On a point of order, Mr. Speaker, Sir. Is it in order for the Minister to mislead this House that there can be any thorough inquiry into this matter when the people we are 1302 PARLIAMENTARY DEBATES June 13, 2006 inquiring about have been spirited away by the same Government?
Order! That is a point of argument! Proceed, Madam Minister!

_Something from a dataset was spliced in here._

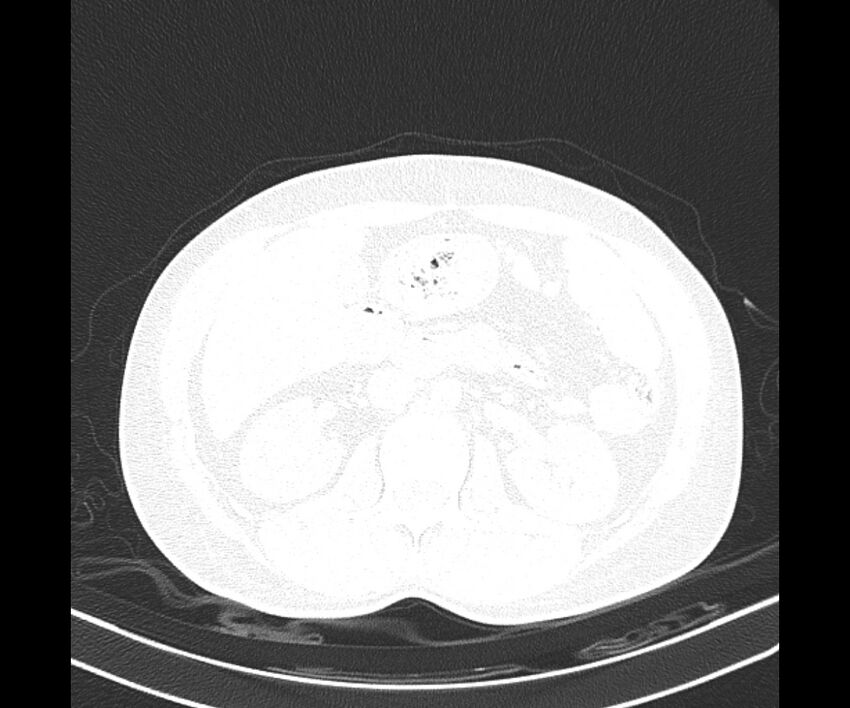 Bochdalek hernia - adult presentation (Radiopaedia 74897-85925 Axial lung window 53).jpg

Thank you, Mr. Speaker, Sir. I totally agree with your direction on the matter. Mr. Speaker, Sir, when one is deported, he or she does not choose what to go with. By the time of deportation, the Government had recovered what was recoverable at that house. It was done openly. Influence peddlers who go uttering names to get passage, and those who facilitate them, I am saying again, their days are numbered. Action will be taken not only against those who have already been netted, but also against those who are yet to be named, from whom we expect co- operation and information. We also expect information from all Kenyans of goodwill, irrespective of their rank in the system, so that we, as a nation, can be proud of our security system. Mr. Speaker, Sir, the Government will do the best that it can. I would urge that any genuine Kenyan with information should take it for what will be there for the public record. Only then, if we fail to act as a Government, can we be condemned collectively. Mr. Speaker, Sir, lapses occur even in the best, and I am not excusing at all this lapse. With those few remarks, I beg to support.
I think I must give this opportunity to the Shadow Minister in charge of security, Maj-Gen. Nkaisserry.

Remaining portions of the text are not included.